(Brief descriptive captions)
-------------------------

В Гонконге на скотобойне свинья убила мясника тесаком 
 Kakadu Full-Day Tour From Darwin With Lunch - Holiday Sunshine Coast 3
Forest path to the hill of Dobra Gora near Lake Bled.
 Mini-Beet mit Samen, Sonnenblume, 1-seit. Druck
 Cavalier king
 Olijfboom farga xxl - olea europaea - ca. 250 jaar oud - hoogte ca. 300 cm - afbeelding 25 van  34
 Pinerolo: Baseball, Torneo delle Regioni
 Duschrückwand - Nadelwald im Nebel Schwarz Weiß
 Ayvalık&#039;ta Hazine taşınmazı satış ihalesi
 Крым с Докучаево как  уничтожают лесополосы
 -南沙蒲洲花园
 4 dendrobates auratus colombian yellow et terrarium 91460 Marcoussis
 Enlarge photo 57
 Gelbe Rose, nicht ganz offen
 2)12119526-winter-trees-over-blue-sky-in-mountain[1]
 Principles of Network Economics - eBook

-------------------------

:: YOUR ASSIGNMENT ::
Only the lines from the one with "Крым с Докучаево" through the last line above should be restated, word for word.

:: OUTPUT ::
 Крым с Докучаево как  уничтожают лесополосы
 -南沙蒲洲花园
 4 dendrobates auratus colombian yellow et terrarium 91460 Marcoussis
 Enlarge photo 57
 Gelbe Rose, nicht ganz offen
 2)12119526-winter-trees-over-blue-sky-in-mountain[1]
 Principles of Network Economics - eBook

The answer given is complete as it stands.